Governance allows Executive Council to be visionary and concentrate on strategic planning for the good of the organization. Executive Council now focuses on big picture and the long term vision and goals for Tri Sigma. They continuously evaluate, assess, and measure the progress and accomplishments of the organization – to lead Tri Sigma and ensure the work done by staff and volunteers continues to fulfill those goals.
Executive Council now indirectly oversees the work of staff members and volunteers, but only with regard to ensuring the daily operations of the sorority fit within the strategic vision. This structure also allows for a larger pool of members to ascend to serve on Executive Council. Traditionally, members of Executive Council had risen “through the ranks” of the various volunteer positions and came to Council with extensive knowledge of Tri Sigma’s operations, but sometimes with little other experience. Having removed departmental oversight from Executive Council’s core responsibilities, service by women who have professional experience, business knowledge, have served on other boards, and are good strategic and visionary thinkers are especially valued in carrying out the long term strategy of the sorority.
So, if Executive Council sets the vision and direction through the strategic plan and through policy, is staff responsible for executing and achieving the goals and objectives?

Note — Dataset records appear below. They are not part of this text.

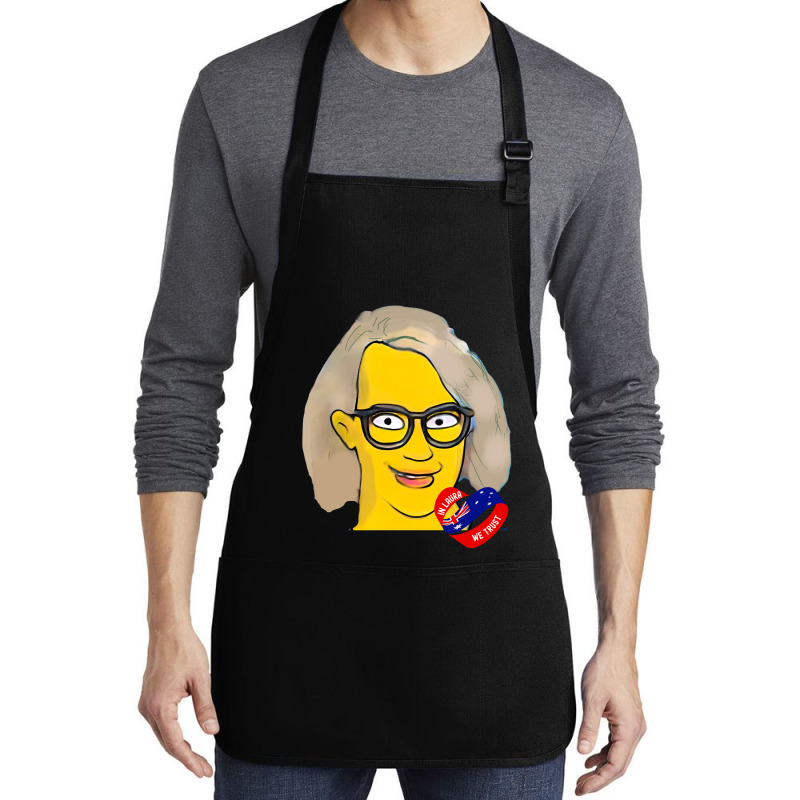 Birthday Anthony Mens Funny Medium-length Apron | Artistshot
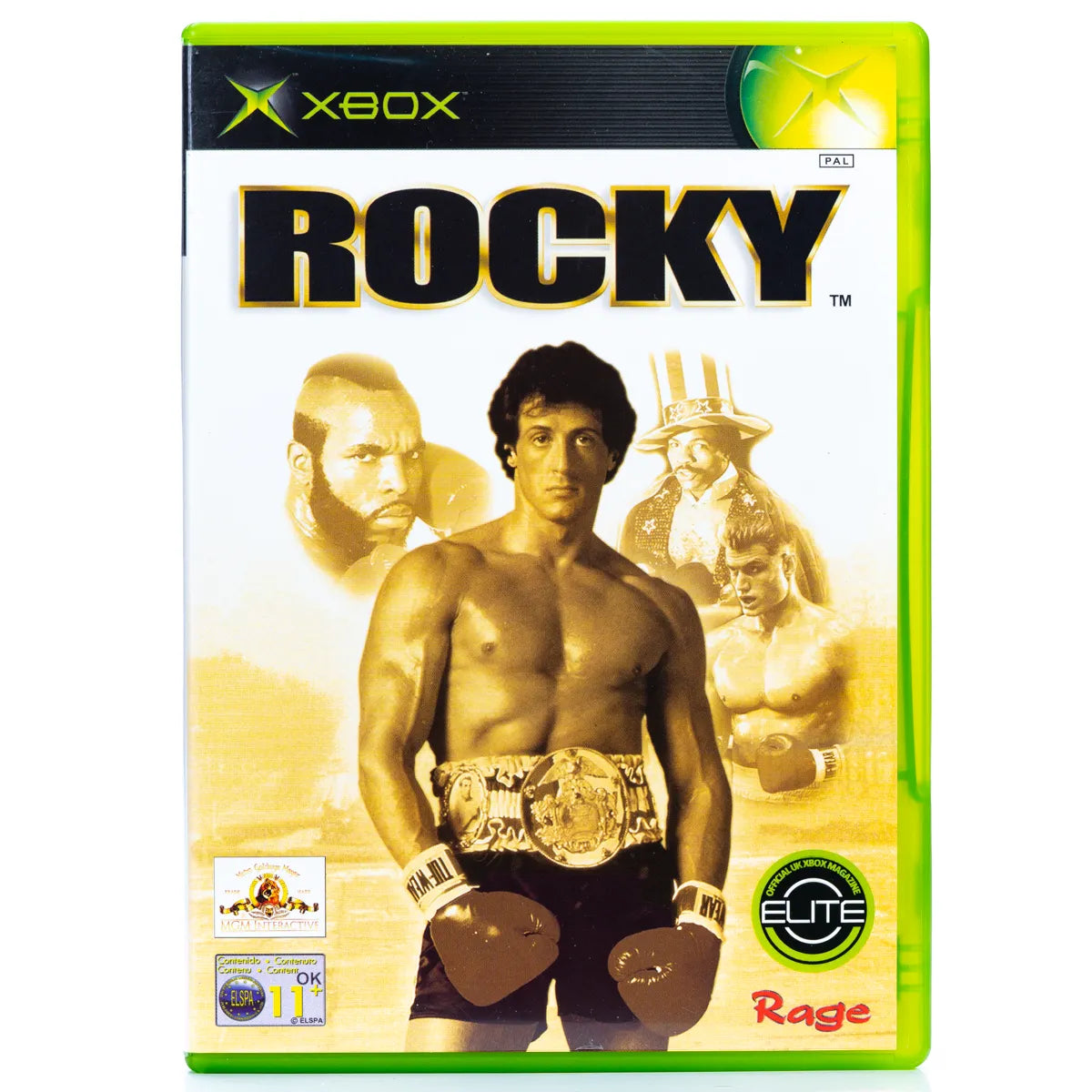 Rocky - Xbox spill - Retrospillkongen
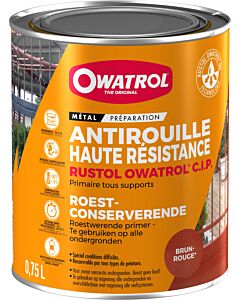 Tous nos produits Antirouille Primaire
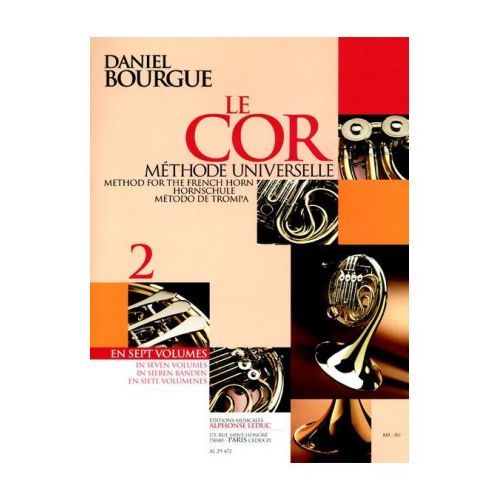 LEDUC BOURGUE D. - LE COR VOL.2 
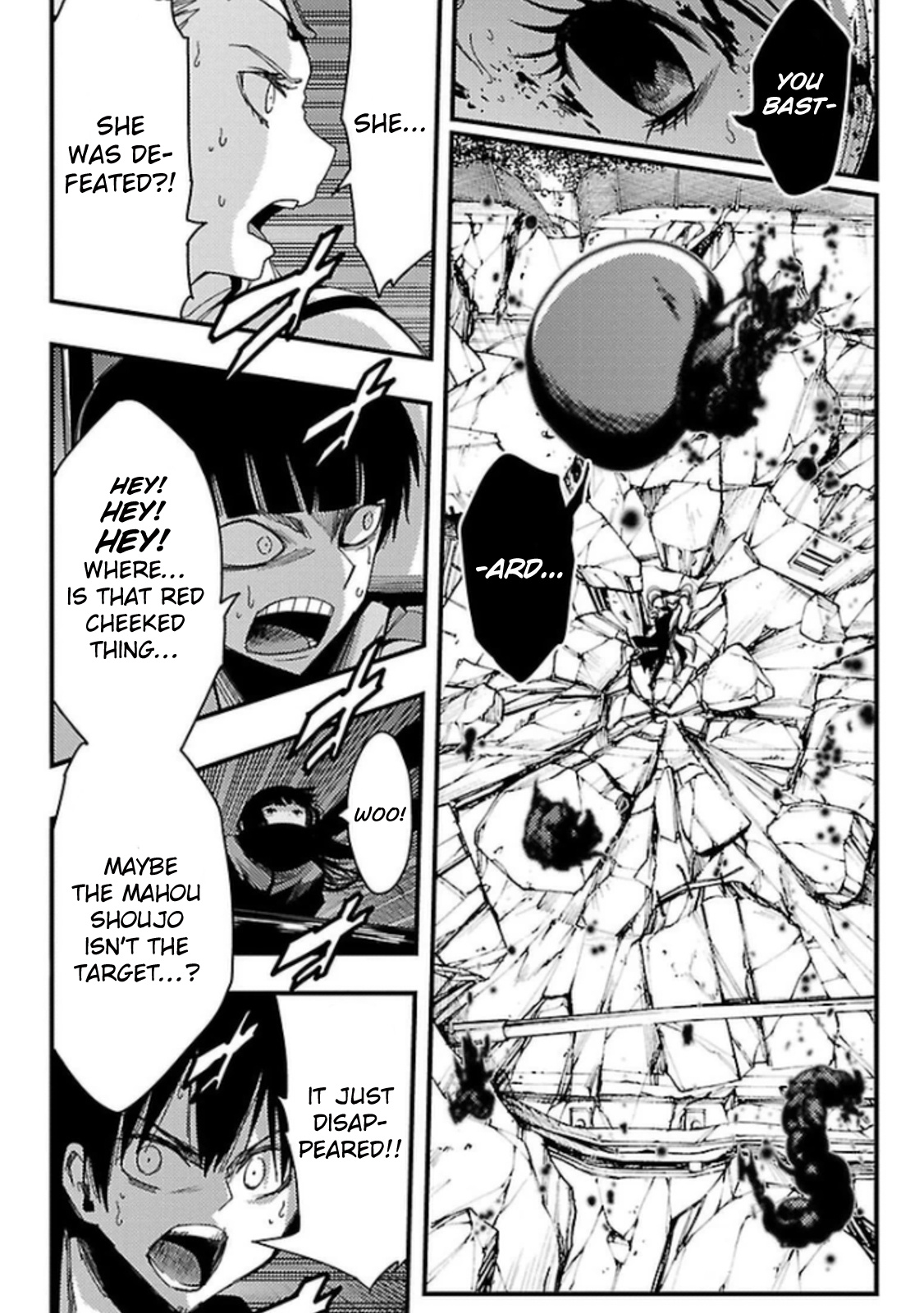 Mahou Shoujo Of The End - Vol.6 Chapter 23: Vs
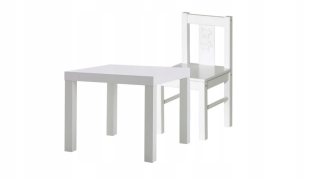 Ikea _kriter __krzesełko_ tabuľka Colors_ Mamut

Yes! But the staff cannot accomplish this alone, and there continues to be a great need for dedicated volunteers who will partner with staff. Members of staff direct the operations, but it’s the commitment of our volunteers and their love for Tri Sigma that makes the difference in the daily business of running the sorority. We realize there have been some bumps in the road and in many ways Executive Council and National Headquarters are still figuring out the right combination of staff and volunteers, and the best organizational method for serving the membership.
During a Council meeting last year, we were assessing our level of success in implementing the practices of the governance model and the challenges or growing pains we were still experiencing. Marcia Cutter, Executive Director, shared a very good point – we have only been operating under this new model for less than a decade. Compare that to over 100 years of operating under an operational driven model! Moving from an operational model to a governance model has required a paradigm shift that has not been without challenges and wrong turns. In some instances we have had to revert back to a prior process. We acknowledge that during the transition of workload between volunteers and staff, some of the historical knowledge was lost. We have had to add or eliminate positions to better fill the administrative needs. We have had to revisit how our volunteers have opportunity for growth under this new structure and how we are cultivating members to serve on Executive Council in the future. We have even asked the question, “Are we still a volunteer-driven organization?” Today, we continue to repeatedly ask questions about how our volunteers and staff can partner under a governance model to carry out the strategic plan set forth by Executive Council.
Throughout the triennium thus far, Executive Council has set aside time to study industry best practices, read about alternative governance models, and consider various theories of application. Most recently, Executive Council and staff directors read the book “Race For Relevance”, authored by Harrison Coerver and Mary Byers, and discussed ways we might incorporate some of the philosophies from the book into the administration of Tri Sigma.
Collectively, we as Council members have over 175 years of experience volunteering for Tri Sigma. We have served under both the operational model and the governance model and realize it is not by the nonchalant flip of a switch that we effortlessly and flawlessly execute under a new governance model. Rather, it takes practice, trial-and-error, mistakes, patience, perseverance – and most importantly – flexibility in adjusting how we apply the model to best serve the needs of Tri Sigma. We all want what is best for Tri Sigma and to assure Her successful existence long after we have served.